Roberto Calderoli

Roberto Calderoli

“La Germania ha di fatto certificato la fine dell’unione monetaria europea mettendosi a battere moneta propria, ovvero l’euro pesante”, dice il vicepresidente del senato Roberto Calderoli. “Con la scusa della numismatica, per i collezionisti, poi estesa al normale mercato interno, la Bundesbank – spiega – ha iniziato a produrre 2 milioni e mezzo di monete da 5 euro la cui validità in termini di scambio è relativa solo all’interno dei confini tedeschi, ma il cui valore non è di 5 euro ma di 15,50 euro, ovvero oltre il triplo. In questo modo la Germania ha varato il doppio binario dell’euro: su un binario quello pesante, c’è l’euro tedesco che di fatto vale il triplo, e sull’ altro binario l’euro leggero, quello dove le banconote dei 5 euro italiani o francesi valgono sempre e solo 5 euro ovvero un terzo degli analoghi tedeschi. Ecco la moneta a due velocità”.
L’esponente della Lega Nord vede nell’iniaizativa tedesca un campanello d’allarme per tutti gli Stati dell’eurozona. E, nl contempo, un sostagno a quanto i leghisti hanno sempre sostenuto. “Come Lega Nord non abbiamo mai condiviso l’adesione dell’Italia all’euro e per anni ne abbiamo chiesto l’uscita, venendo presi per pazzi nonostante l’Inghilterra o alcuni Paesi scandinavi siano fuori e stiano benissimo. Oggi, però, a sancire che l’euro è morto è la Germania, ovvero proprio chi aveva voluto e creato questa moneta a suo uso e a suo interesse”.

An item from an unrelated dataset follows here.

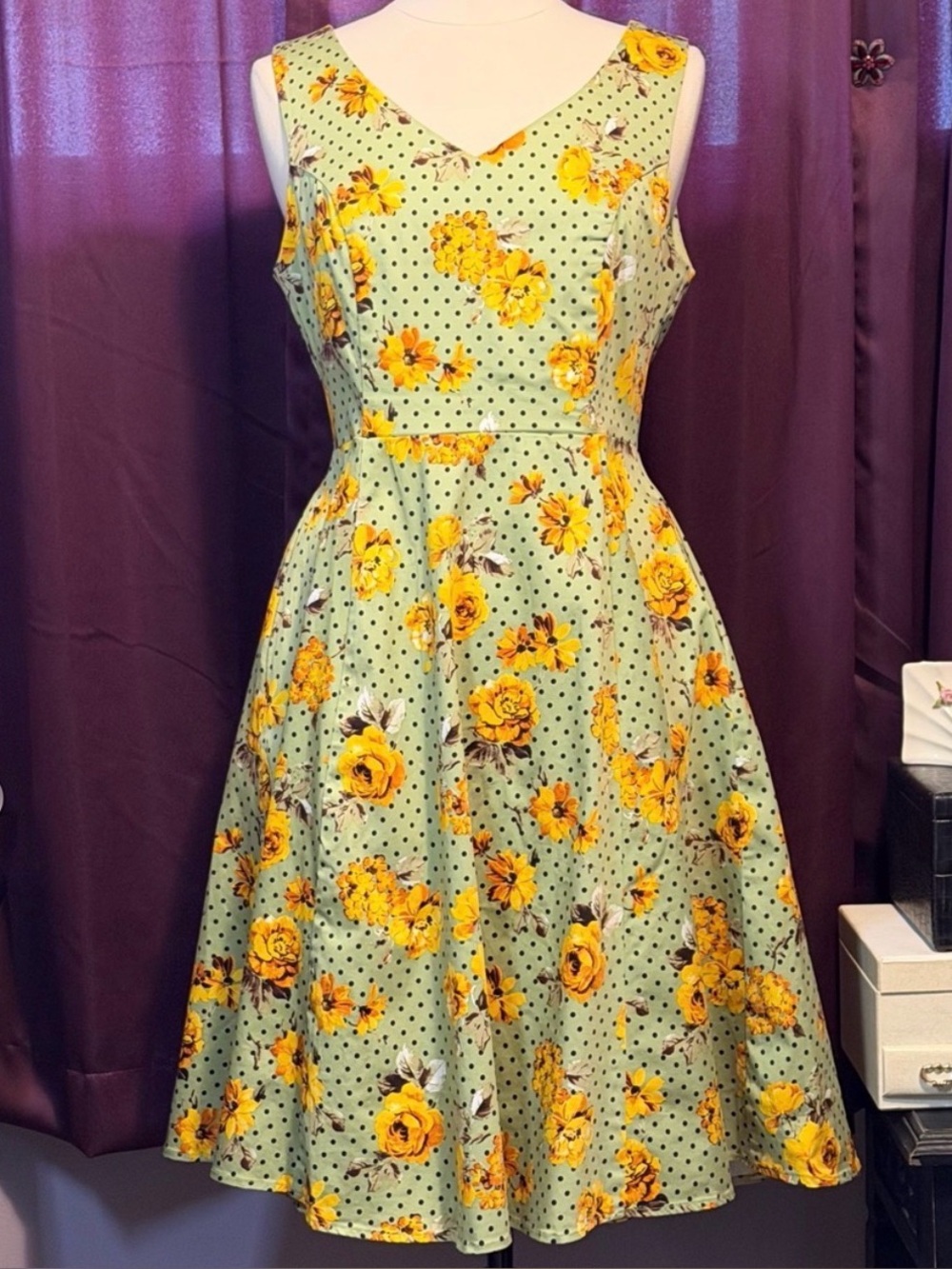 Eva Rose Retro Yellow Floral Mint Dot Fit And Flare Cotton Swing Dress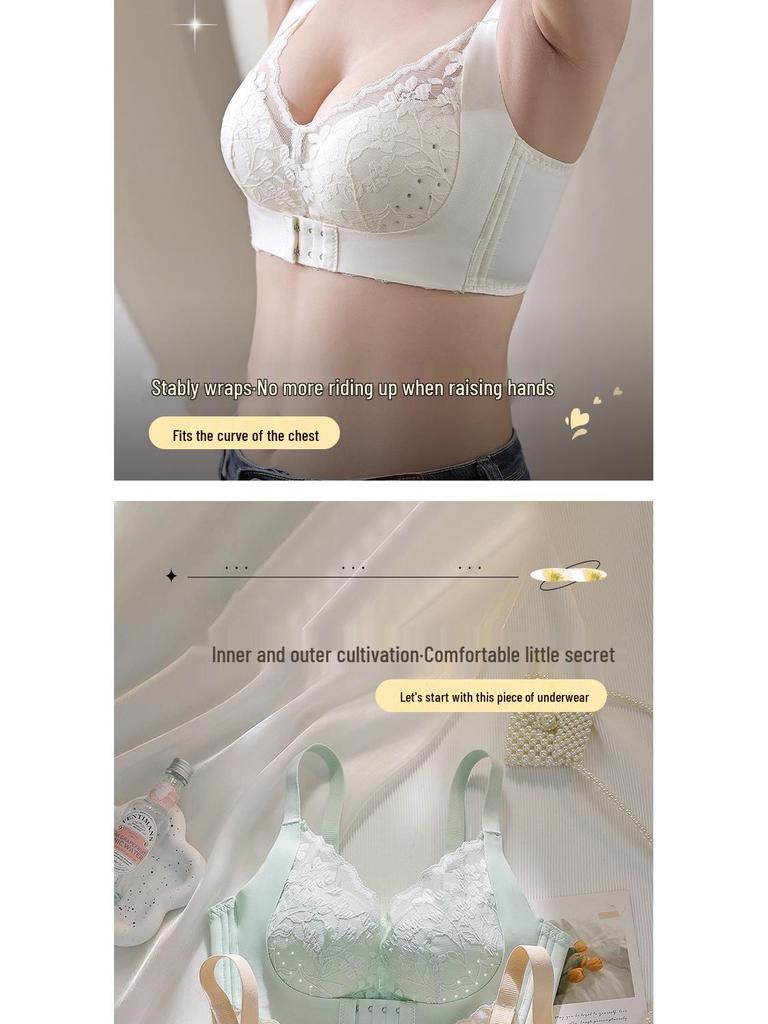 Women's Front Buckle Push-Up Lace Bra with Side Support, Anti-Sagging for Small Chest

Per questo, conclude Calderoli: “dobbiamo svegliarci anche noi o sarà troppo tardi. Non vediamo che l’euro sta morendo? Che sta morendo questa Europa? Che è morto Schengen? E infatti tutti gli altri Stati hanno chiuso le frontiere e noi non solo non le chiudiamo, e non facciamo i respingimenti in mare, ma andiamo a prenderci i clandestini nelle acque territoriali altrui, e senza accorgercene stiamo diventando un’enorme colonia dell’Africa che ha deciso di migrare dall’altra parte del Mediterraneo. Svegliamoci: chiudiamo le frontiere e studiamo un’exit strategy dall’euro prima che i tedeschi vengano qui a fare shopping da noi, a comprarsi una colonia italo-africana…”.